Saturday 24 March 2018

US will forge a 'great bond' with Egypt, Trump vows

Donald Trump, left, greets Egyptian president Abdel Fattah el-Sissi at the White House (AP)
Donald Trump, left, greets Egyptian president Abdel Fattah el-Sissi at the White House (AP)

Donald Trump has signalled a new era in US-Egypt relations, pledging years of tepid relations will now give way to a "great bond" between the two nations.

The US president reunited with President Abdel-Fattah el-Sissi for talks ranging from collaboration against the Islamic State terror group to bolstering Egypt's flailing economy.

In Mr Trump, Mr el-Sissi sees new opportunity after years of lukewarm relations with Barack Obama.

"This is my first state visit to the United States since my inauguration and this is the first visit in eight years for an Egyptian president to the United States," Mr el-Sissi said.

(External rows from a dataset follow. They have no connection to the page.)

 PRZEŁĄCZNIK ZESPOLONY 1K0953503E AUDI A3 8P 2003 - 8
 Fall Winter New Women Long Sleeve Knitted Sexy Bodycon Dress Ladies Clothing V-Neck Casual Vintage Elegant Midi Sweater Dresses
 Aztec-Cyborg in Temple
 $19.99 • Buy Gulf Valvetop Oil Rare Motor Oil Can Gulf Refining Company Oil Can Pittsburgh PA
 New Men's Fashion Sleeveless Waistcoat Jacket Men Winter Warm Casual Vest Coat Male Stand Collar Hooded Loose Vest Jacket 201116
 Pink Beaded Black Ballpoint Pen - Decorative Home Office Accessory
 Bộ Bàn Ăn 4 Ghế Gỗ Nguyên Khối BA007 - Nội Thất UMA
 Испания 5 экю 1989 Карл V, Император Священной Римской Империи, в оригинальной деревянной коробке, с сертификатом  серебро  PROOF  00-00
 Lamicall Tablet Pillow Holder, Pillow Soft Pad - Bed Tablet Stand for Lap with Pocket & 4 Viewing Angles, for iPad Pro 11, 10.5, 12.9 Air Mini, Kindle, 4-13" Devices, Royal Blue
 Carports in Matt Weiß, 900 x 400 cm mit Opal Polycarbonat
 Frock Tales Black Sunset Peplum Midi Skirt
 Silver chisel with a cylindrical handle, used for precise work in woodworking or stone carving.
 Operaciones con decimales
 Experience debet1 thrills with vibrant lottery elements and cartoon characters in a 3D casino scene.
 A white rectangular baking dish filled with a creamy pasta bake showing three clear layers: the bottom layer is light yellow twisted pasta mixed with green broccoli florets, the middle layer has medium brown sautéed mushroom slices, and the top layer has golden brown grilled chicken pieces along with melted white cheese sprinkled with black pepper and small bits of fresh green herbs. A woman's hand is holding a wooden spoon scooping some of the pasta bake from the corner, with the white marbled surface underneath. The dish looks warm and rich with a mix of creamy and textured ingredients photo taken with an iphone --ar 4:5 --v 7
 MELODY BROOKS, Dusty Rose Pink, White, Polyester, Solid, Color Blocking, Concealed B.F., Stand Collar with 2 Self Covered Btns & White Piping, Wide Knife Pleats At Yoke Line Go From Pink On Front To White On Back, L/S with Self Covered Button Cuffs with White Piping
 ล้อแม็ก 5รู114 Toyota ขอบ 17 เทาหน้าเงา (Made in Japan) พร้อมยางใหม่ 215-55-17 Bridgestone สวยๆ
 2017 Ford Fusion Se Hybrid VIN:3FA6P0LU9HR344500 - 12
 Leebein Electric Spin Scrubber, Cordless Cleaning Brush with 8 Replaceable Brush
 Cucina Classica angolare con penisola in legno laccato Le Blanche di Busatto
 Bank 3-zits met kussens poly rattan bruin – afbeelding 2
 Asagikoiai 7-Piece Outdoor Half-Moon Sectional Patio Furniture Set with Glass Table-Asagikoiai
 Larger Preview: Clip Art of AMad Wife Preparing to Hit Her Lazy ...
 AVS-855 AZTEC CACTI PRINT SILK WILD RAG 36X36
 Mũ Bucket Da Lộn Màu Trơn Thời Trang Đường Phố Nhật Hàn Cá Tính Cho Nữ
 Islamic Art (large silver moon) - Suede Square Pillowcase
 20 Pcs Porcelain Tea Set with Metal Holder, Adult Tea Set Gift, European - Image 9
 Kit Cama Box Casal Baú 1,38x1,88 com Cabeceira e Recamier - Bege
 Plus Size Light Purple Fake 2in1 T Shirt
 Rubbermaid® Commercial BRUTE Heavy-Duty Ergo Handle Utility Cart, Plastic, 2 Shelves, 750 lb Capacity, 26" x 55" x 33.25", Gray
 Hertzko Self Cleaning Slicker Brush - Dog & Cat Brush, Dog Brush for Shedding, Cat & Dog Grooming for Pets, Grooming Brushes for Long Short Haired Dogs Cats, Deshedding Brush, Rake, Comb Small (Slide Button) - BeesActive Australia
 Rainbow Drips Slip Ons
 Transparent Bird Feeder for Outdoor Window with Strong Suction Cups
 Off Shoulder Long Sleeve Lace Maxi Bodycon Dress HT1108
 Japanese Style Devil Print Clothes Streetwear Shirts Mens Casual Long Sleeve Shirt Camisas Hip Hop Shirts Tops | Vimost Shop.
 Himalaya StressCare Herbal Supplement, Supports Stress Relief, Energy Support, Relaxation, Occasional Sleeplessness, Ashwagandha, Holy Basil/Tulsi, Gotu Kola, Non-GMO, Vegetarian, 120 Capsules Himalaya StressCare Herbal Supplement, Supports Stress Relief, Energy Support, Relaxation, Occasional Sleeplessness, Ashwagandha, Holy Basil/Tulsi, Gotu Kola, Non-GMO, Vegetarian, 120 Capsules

Mr Obama never invited the Egyptian leader to the White House and Egypt's government was repeatedly admonished over its human rights record. Mr Obama even briefly suspended some US military aid.

It is the second meeting for Mr Trump and Mr el-Sissi. Reflecting on their first encounter in New York shortly before the general election, Mr Trump said Mr el-Sissi was someone "very close to me".

Mr el-Sissi praised Mr Trump on Monday for his "unique personality" and said that after their first meeting "I bet on you", the latter being comments he made in Arabic that were not translated.

For Egypt, the objective is clear: Help us help you.

In recent months, US and Egyptian officials have sought to stress commonalities.

Like Mr Trump, Mr el-Sissi believes he can eradicate radical Islamic extremism.

"Together, we will fight terrorism and other things and we're going to be friends for a very, very long time," Mr Trump said, citing a "great bond with the people of Egypt".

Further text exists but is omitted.